Reprezentacja Polski przeżywa ostatnio trudne chwile. Mimo stosunkowo łatwej grupy Polacy nie awansowali bezpośrednio na Euro 2024. Jan Tomaszewki, były bramkarz, skrytykował decyzje podejmowane przez Cezarego Kuleszę, prezesa PZPN.
Mocne słowa legendarnego bramkarza na temat doboru selekcjonerów
W styczniu 2023 roku Cezary Kulesza powołał na selekcjonera reprezentacji Polski Fernando Santosa. Klęska w eliminacjach Euro 2024 sprawiła, że prezes PZPN był zmuszony zrezygnować z usług Portugalczyka. Ostatecznie postawił na Michała Probierza, mimo że wielu ekspertów widziało w tej roli Marka Papszuna.

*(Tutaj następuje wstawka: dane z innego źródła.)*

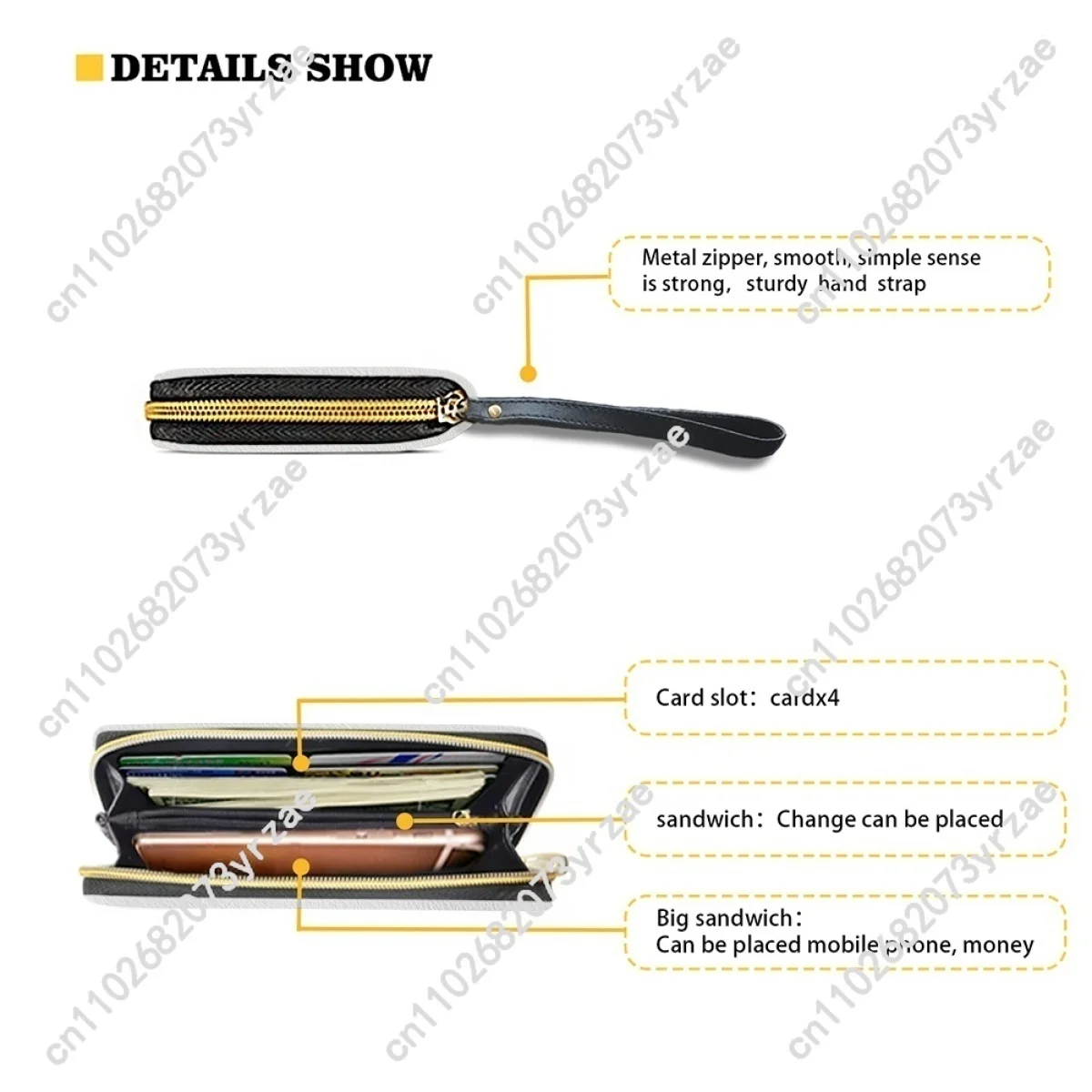 Fullmetal Alchemist Wallet Mens Womens Teenagers Long Zipper Wallet Double Print Commuter Personalized Photo Customizde Purses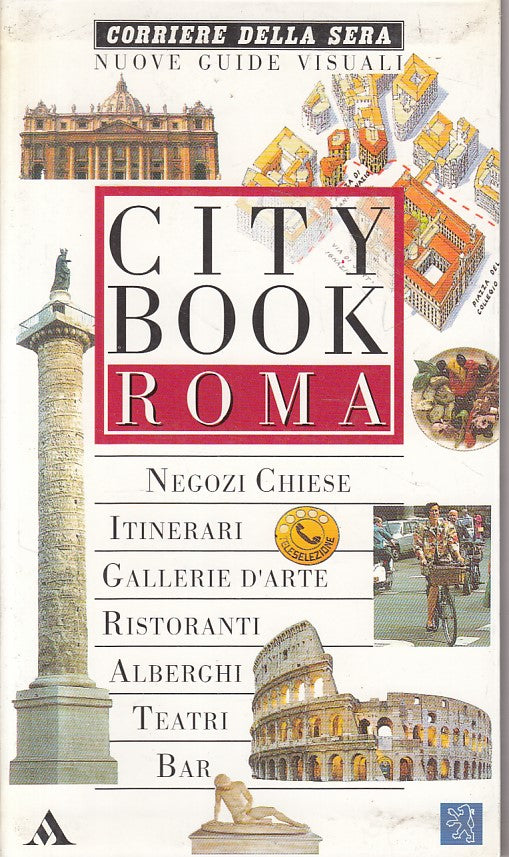 LV- CITY BOOK ROMA -- CORREIRE - NUOVE GUIDE VISUALI -- 1994 - B - ZFS433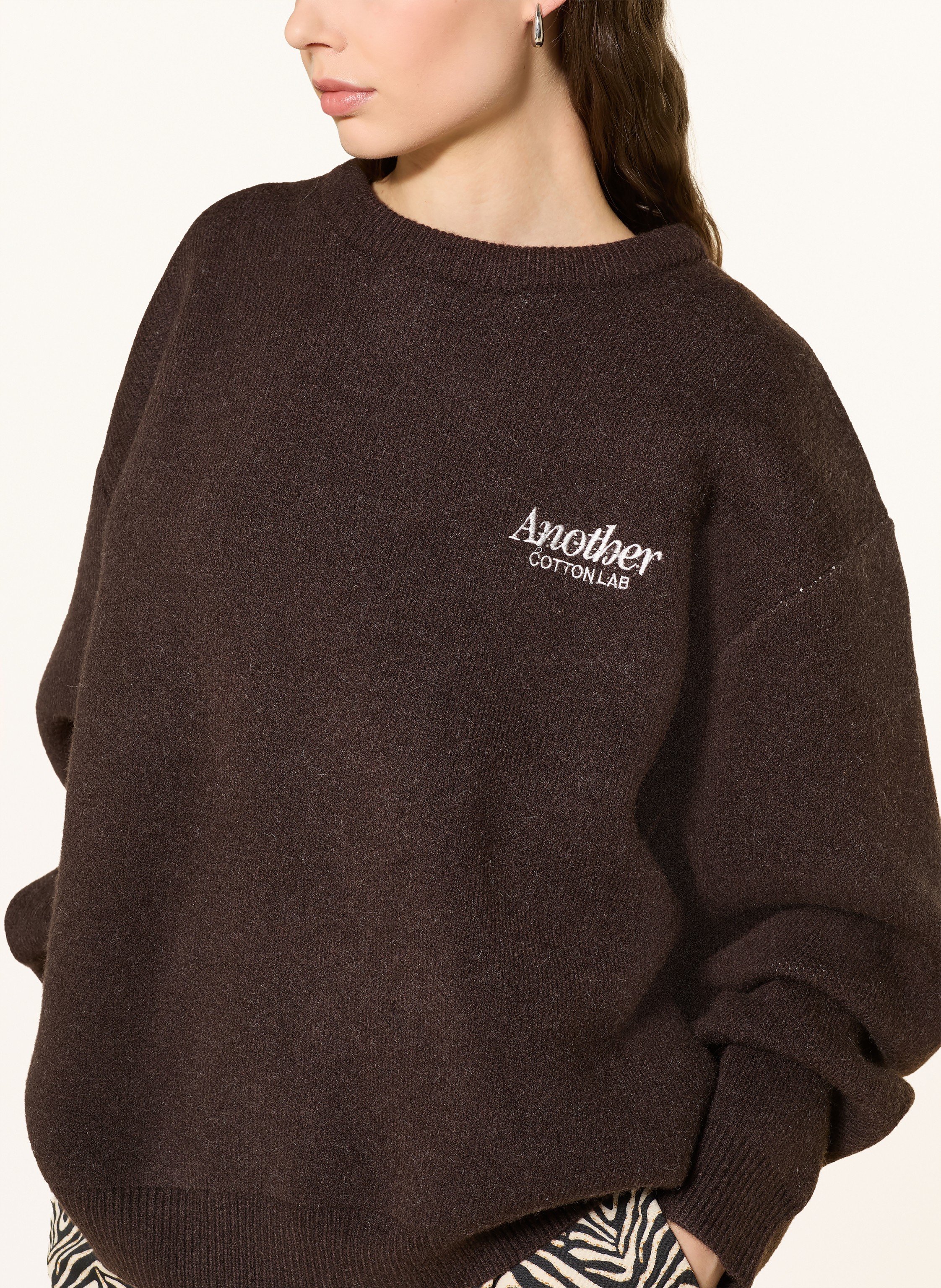 Thumbnail - Another Cotton Lab Oversized-Pullover Wine & Vibe braun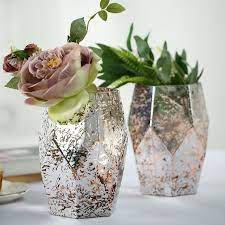 8 Mercury Glass Vase Flower Vase
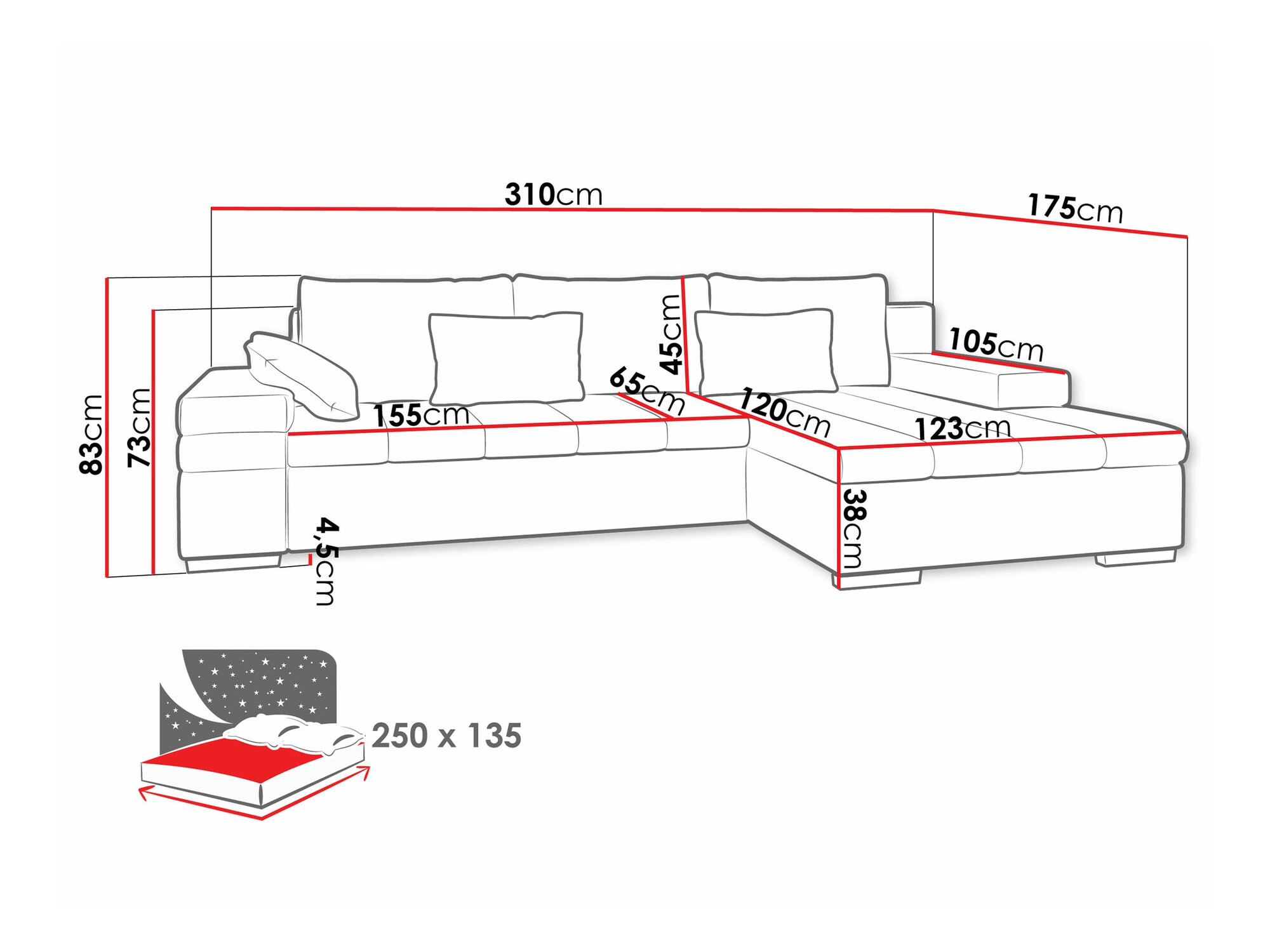 Ecksofa Comfivo Olivetum II (Wave 09)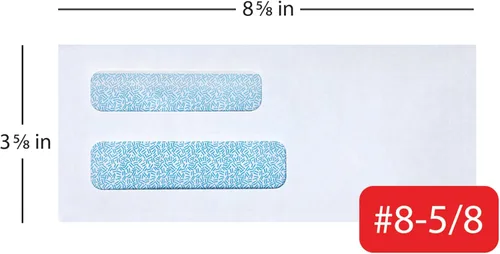 Vista 2 de Office Depot Sobres de doble ventana, #8 5/8 pulgadas (3 5/8 pulgadas x 8 5/8 pulgadas), blanco, autoadhesivo, caja de 250, 77159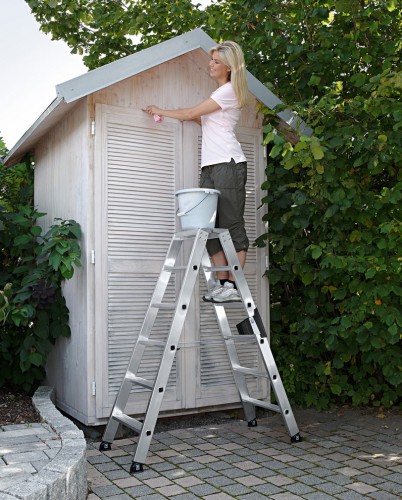 MUNK Stehleiter beidseitig begehbar mit clip-step R13 2x9 Stufen
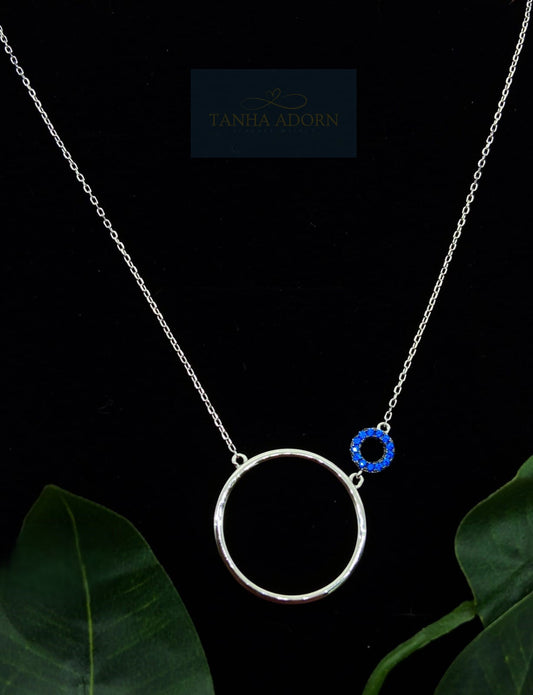 Circle Pendant Necklace - TA24260R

Jan Tomaszewski, były bramkarz kadry, w dosadny sposób skomentował ostatnie działania związku:
Nie może być tak, że prezes sam decyduje o selekcjonerze! Niech to będzie jakaś grupa, bo prezes dwa razy się już sparzył. Kto doradza Cezaremu Kuleszy!? Ludzie, którzy nie mają zielonego pojęcia o profesjonalnej piłce… Przecież on tego sam nie wymyślił
- powiedział były bramkarz.
Legendarny golkiper obstawia, że Walijczycy pokonają u siebie Finów. Uważa jednak, że wyspiarze mogą być bardziej zmęczeni w finale i to jest dla nas szansa. Cieszy się zarazem, że na naszej drodze nie staną Ukraińcy.
Mecze barażowe odbędą się w marcu 2024 - najpierw zmierzymy się z Estończykami (21. marca), a następnie z lepszym w starciu Walia-Finlandia (26. marca).